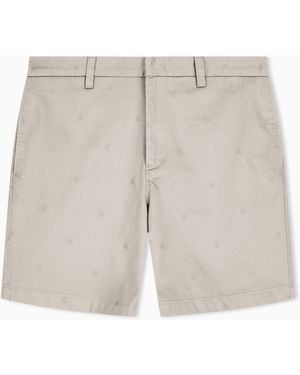 ARMANI EXCHANGE Textured Cotton Jacquard Bermuda Shorts - White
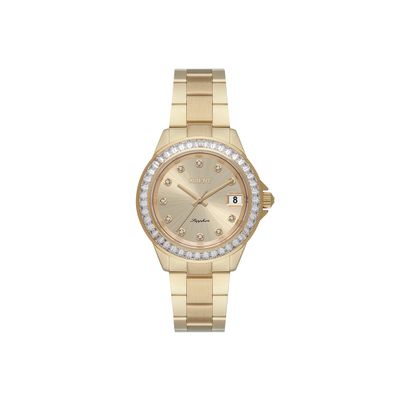 relógio feminino orient analógico calendário fgss0246 c1kx dourado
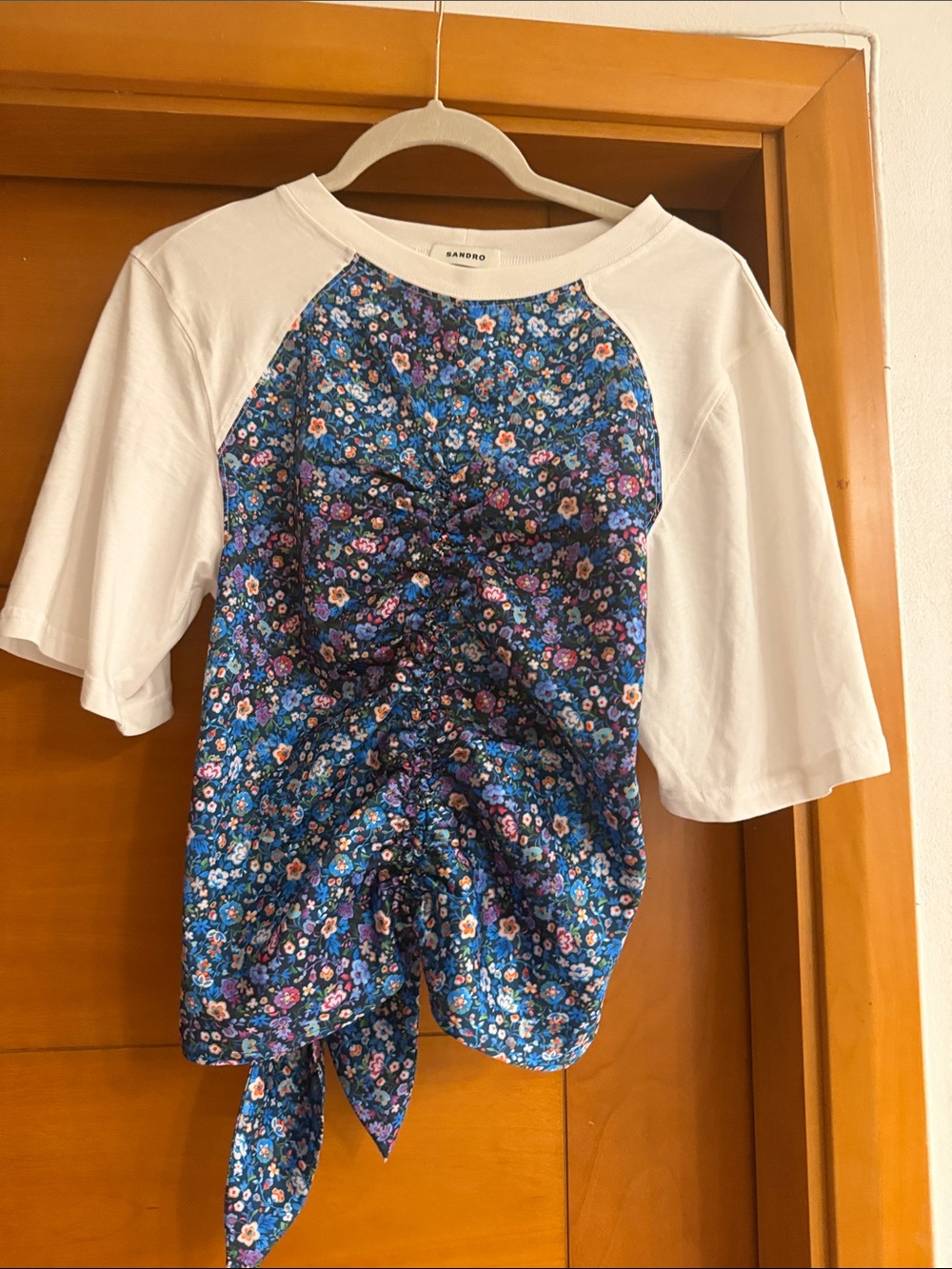 Sandro White Raglan Tee with Blue Floral Front Tie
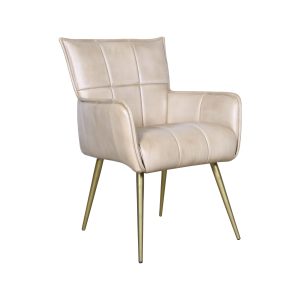 Antique Ivory Quilted Leather Accent Dining Chair Antique Gold Legs
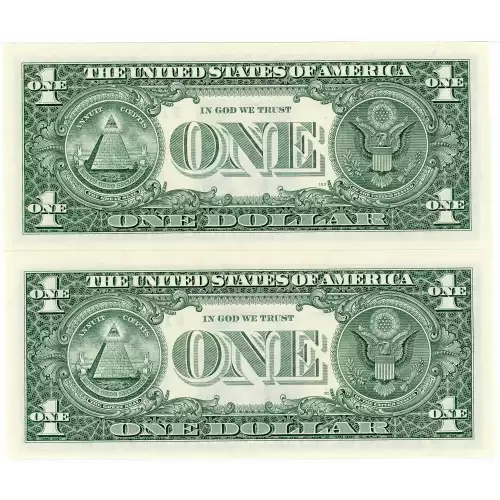 $1 2003-A. Green seal. Small Size $1 Federal Reserve Notes 1931-F* (2)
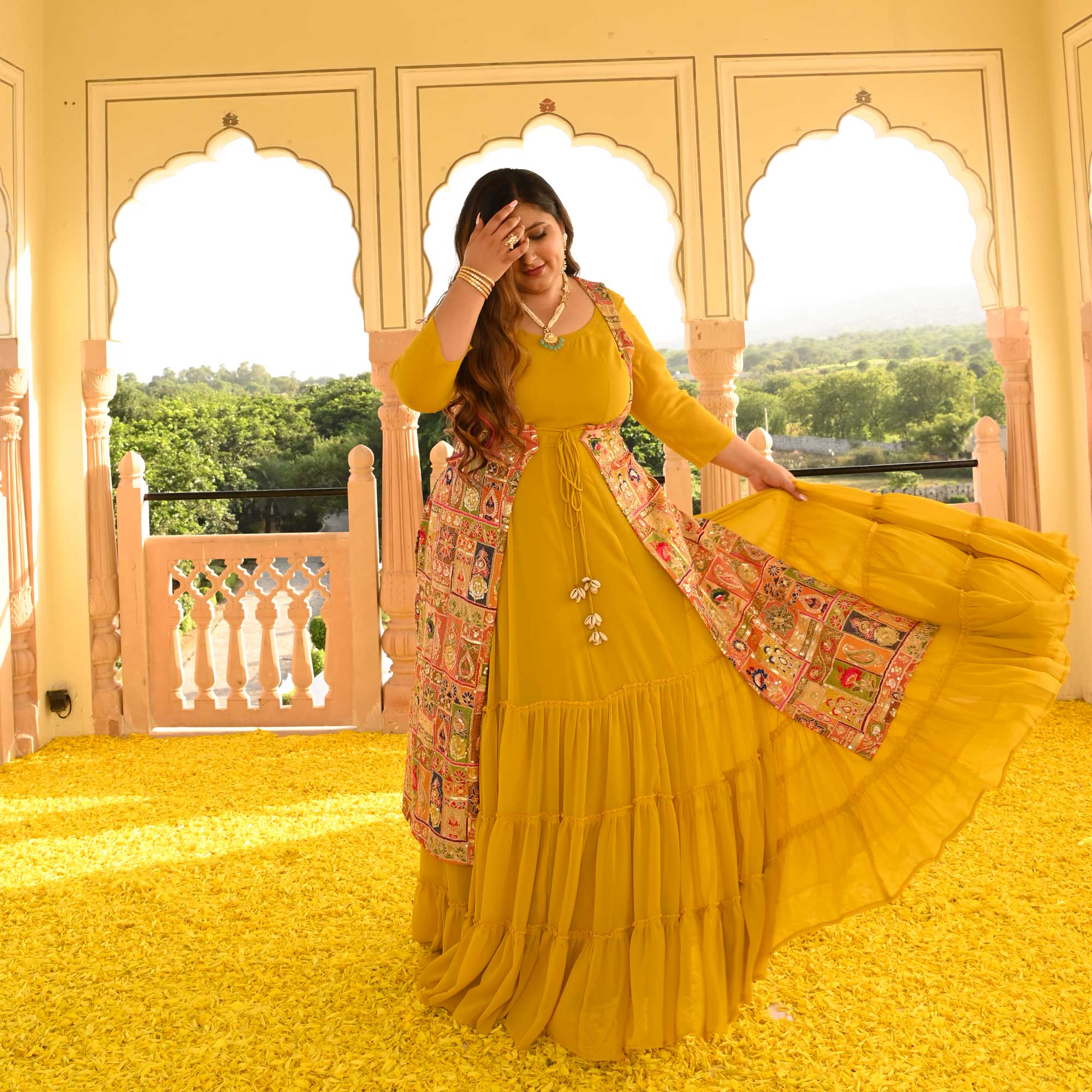 Royal Glow Tiered Dress With Embroidered Cape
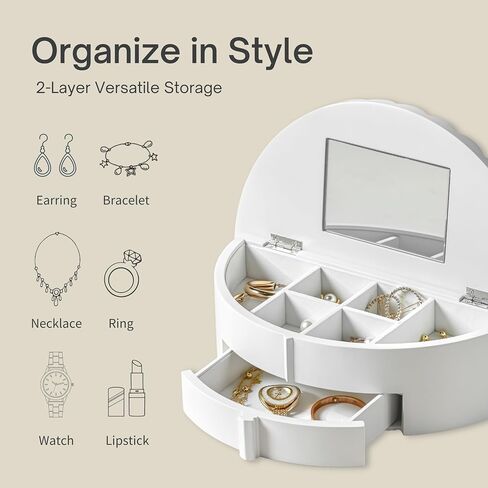 Jewelry Box with Mirror, Jewelry Organizer with Drawer, Multiple Storage Compartments, Slots for Necklaces, Earrings, and Bracelets in Kuwait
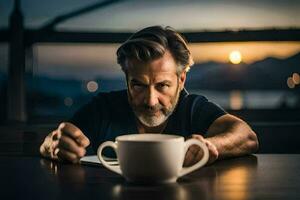 une homme est séance à une table avec une tasse de café. généré par ai photo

### DIRECTIONS
Every entry above should be restated word for word, with the images left out.

### SOLUTION TO THE EXERCISE
 ARMANI EXCHANGE Textured Cotton Jacquard Bermuda Shorts - White
 relógio feminino orient analógico calendário fgss0246 c1kx dourado
 Sandro White Raglan Tee with Blue Floral Front Tie
 Antique Ivory Quilted Leather Accent Dining Chair Antique Gold Legs
 $1 2003-A. Green seal. Small Size $1 Federal Reserve Notes 1931-F* (2)
 Royal Glow Tiered Dress With Embroidered Cape
 Jewelry Box with Mirror, Jewelry Organizer with Drawer, Multiple Storage Compartments, Slots for Necklaces, Earrings, and Bracelets in Kuwait
 une homme est séance à une table avec une tasse de café. généré par ai photo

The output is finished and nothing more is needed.